For over a decade now, my friend Joshua Landis has allowed for a person writing under the penname of Ehsani2 to publish dozens of articles analyzing the Syrian situation on his famous blog, Syria Comment. The only thing that we are told about the man is that he lives in Syria, or spends much time in Syria, and that he is a dissident of some sort. However, and for all those years of writing under the protection of his penname, Ehsani2 has never published a single critique of the Assad regime that would justify identifying him as a dissident or an oppositionist. In fact, if anything, and long before the revolution, most would have considered him as a regime apologist, an impression that was only strengthened by his writings after the Revolution.

I, personally, cannot find a reason for this continued reliance on anonymity, and I do find that it does give an unfair advantage to the person involved.
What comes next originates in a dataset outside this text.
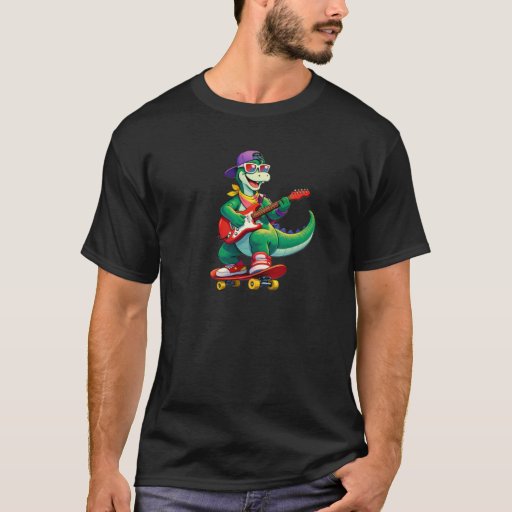 T-shirt manches courtes Denver dinosaure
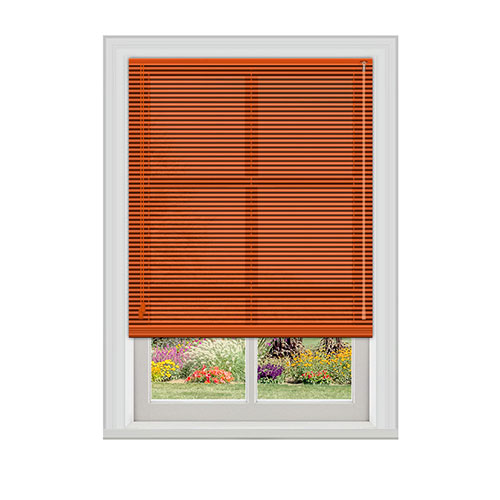 Orange Lifestyle Venetian blinds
People who are critical of the regime have been risking their freedom and their lives since long before the Revolution, and many have paid dear prices for that. Not only that, but as public figures, they were judged every step of the way by all sorts of people who followed their careers, their activities and their writings. Everything about them is continuously and unforgivingly analyzed and dissected. While they might on occasions get praised, considering the nature of our times and of revolutionary politics in general, they are far more often subject to vilification, personal attacks and trolling. I speak from a personal experience in this regard, albeit, by now, it pales in comparison to what others have had to go through over the last five years since the Revolution began.

Yes, some pro-Revolution Syrian activists benefitted from the practice of using a penname in the early days and months of the Revolution. These activists had ample reasons to fear for their safety, as they were definitely targeted by the Assad regime. However, these activists never sought to hide their identity from foreign correspondents, representatives of international human rights organizations, and even ambassadors and foreign officials. They wanted to shield themselves from the regime, not from the world. They were not trying to avoid scrutiny and accountability, but torture and death. Still, after the first year of the Revolution, almost all these activists ended up revealing their real identity to the public having chosen to move to rebel-controlled areas, or having been forced to leave the country all together.

Meanwhile, there is Ehsani2, a regime apologist, writing under a pseudonym, enjoying all the benefits that come with anonymity. Yes, he often gets criticized and trolled online for his pro-regime views, but people have no idea whom they are criticizing, and their criticism often falls flat because they are unable to put any of his writings within any practical context. No one knows anything about him or his background, or what he does for a living, what his political activities are, what connections, past or present, he might have to regime circles, opposition circles or international circles. To boot, we have to take his word that, despite his avowed lack of neutrality he is a” reliable and credible source of info on Syria,” as he writes on his Twitter page account.

Ehsani2 might have revealed some more information about his backgrounds throughout the years, but unless you are a religious follower of his writings and of Syria Comment one is likely to have missed them, I know I did. The fact Joshua Landis has been willing to publish Ehsani2 anonymously for all this time adds Joshua’s own credibility to his, but it also means that we have to blindly trust Joshua’s judgment on this matter for all these years. In the realm of politics and public affairs, that, frankly, is too much to ask.

I, think, it’s about time for Ehsani2 to come out of his particular closet, face the music and dance, or try to, like the rest of us. Or, at the very least, it’s about time for Joshua to stop promoting his writings. As for the editors of War on the Rocks, they should be more wary in the future when making such decisions. The controversy generated by Mahboubian might have gotten them more clicks, but it came at the expense of their credibility, at least momentarily.